- [Your task] For the entries that follow, retype exactly the lines from the one containing "落としても割れない「大皿ウェーブ (27cm)」" to the one containing "开云首页入口-太阳客场压哨得分，战胜灰熊取得开门红的简单介绍", inclusive, and only those. Images stay out of the copy.

- [Materials provided]
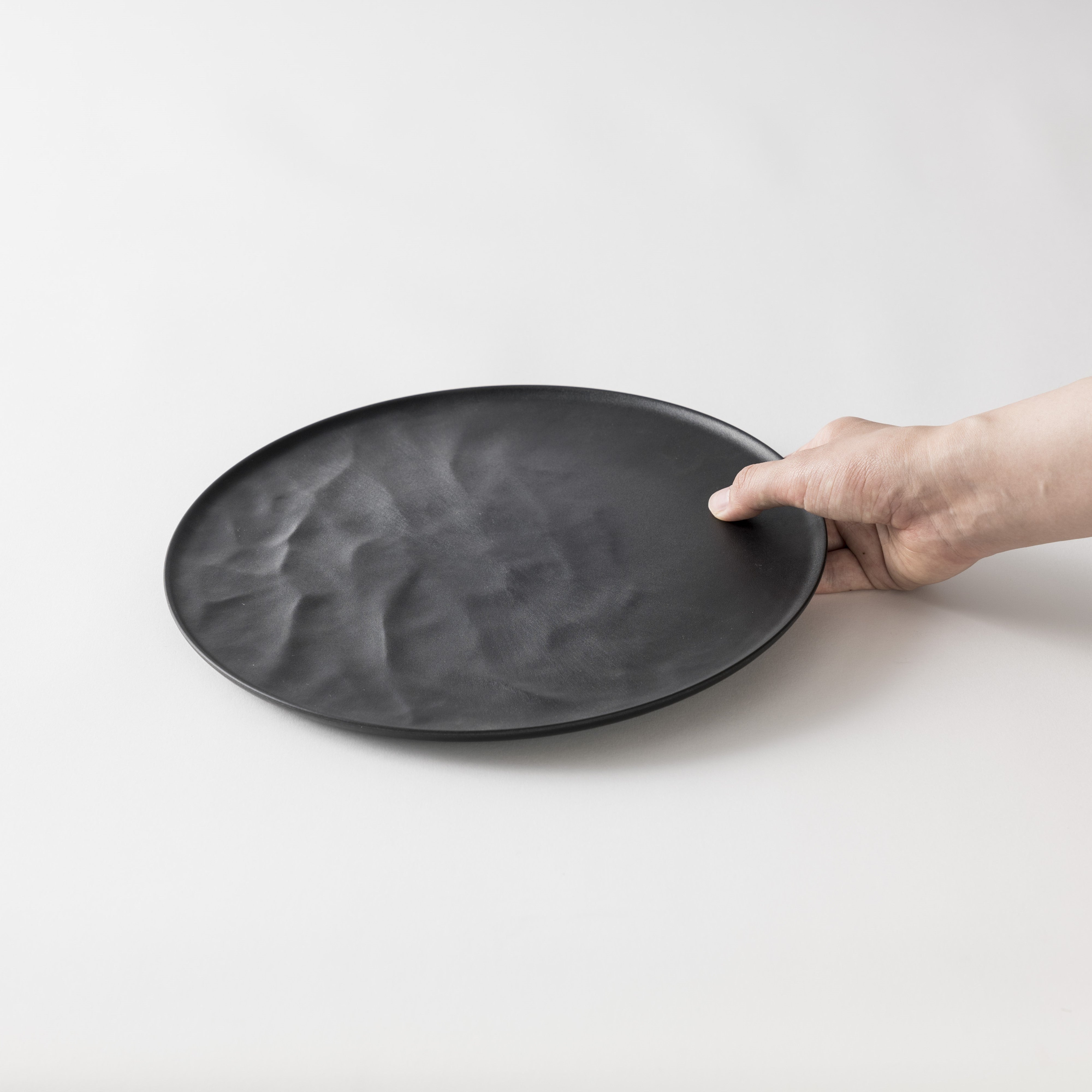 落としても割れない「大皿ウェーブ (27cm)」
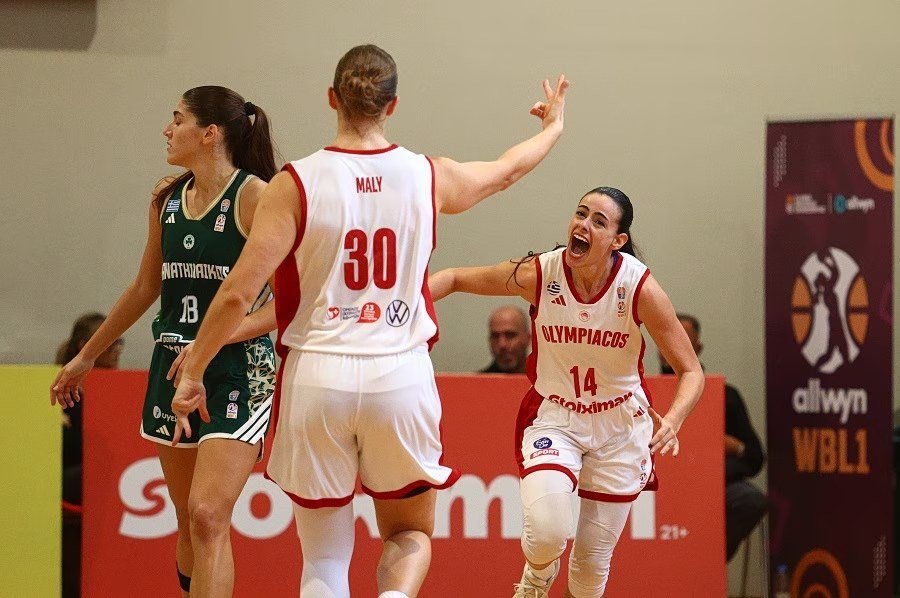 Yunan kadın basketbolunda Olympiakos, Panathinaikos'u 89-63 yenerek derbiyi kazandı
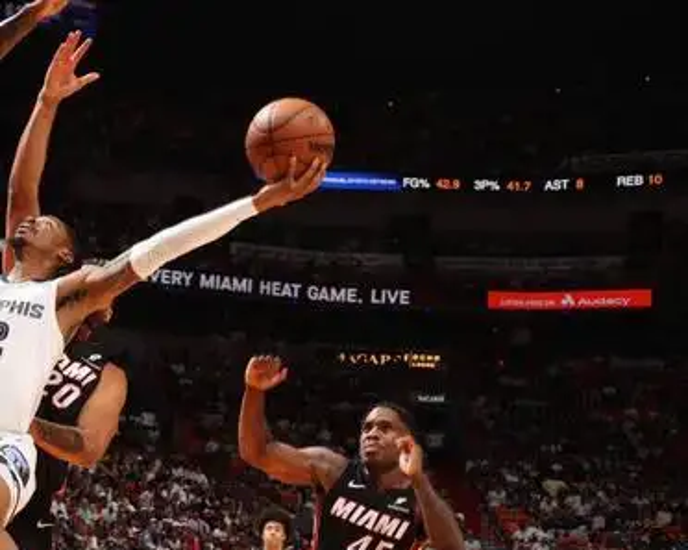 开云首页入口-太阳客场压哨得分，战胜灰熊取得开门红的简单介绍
==
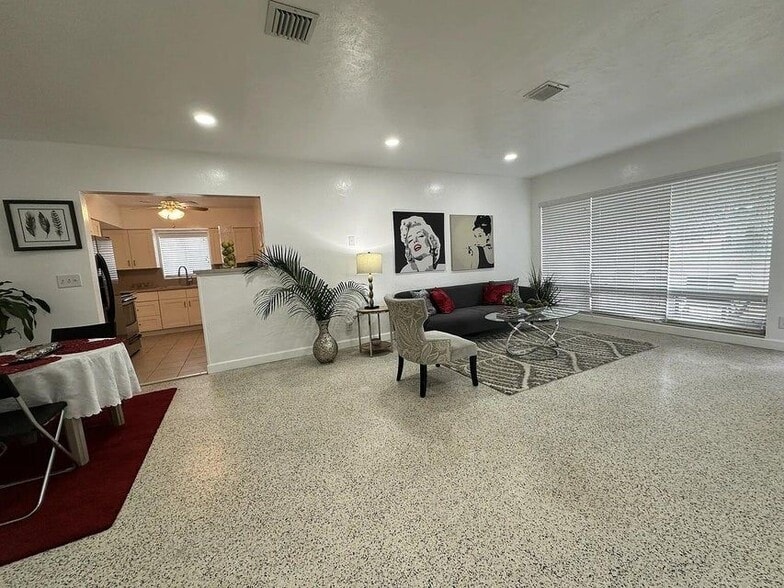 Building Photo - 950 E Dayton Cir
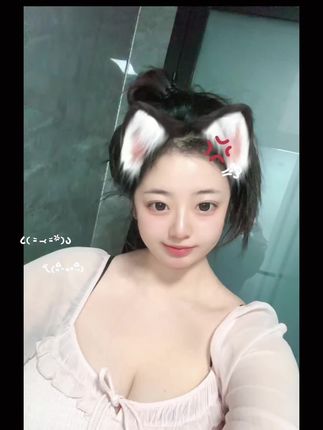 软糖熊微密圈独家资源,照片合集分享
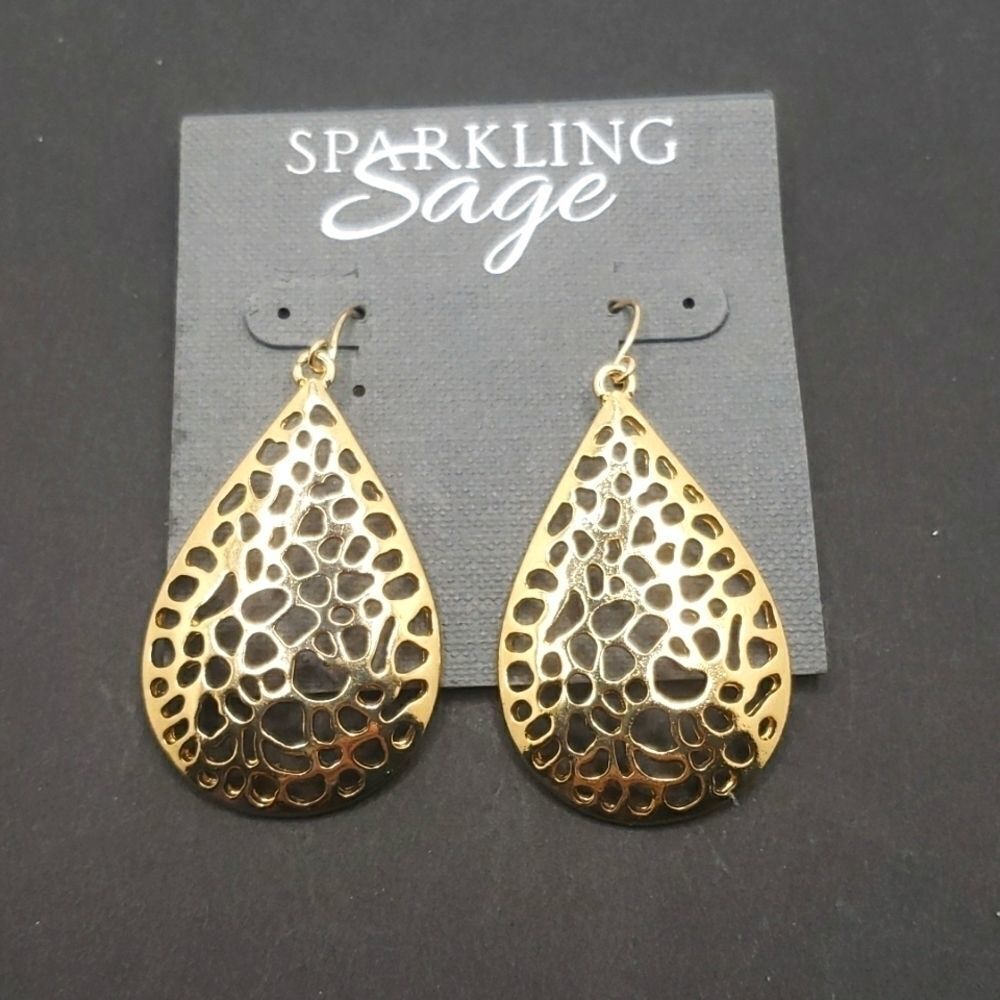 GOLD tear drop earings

- [Solution for this task]
 落としても割れない「大皿ウェーブ (27cm)」
 Yunan kadın basketbolunda Olympiakos, Panathinaikos'u 89-63 yenerek derbiyi kazandı
 开云首页入口-太阳客场压哨得分，战胜灰熊取得开门红的简单介绍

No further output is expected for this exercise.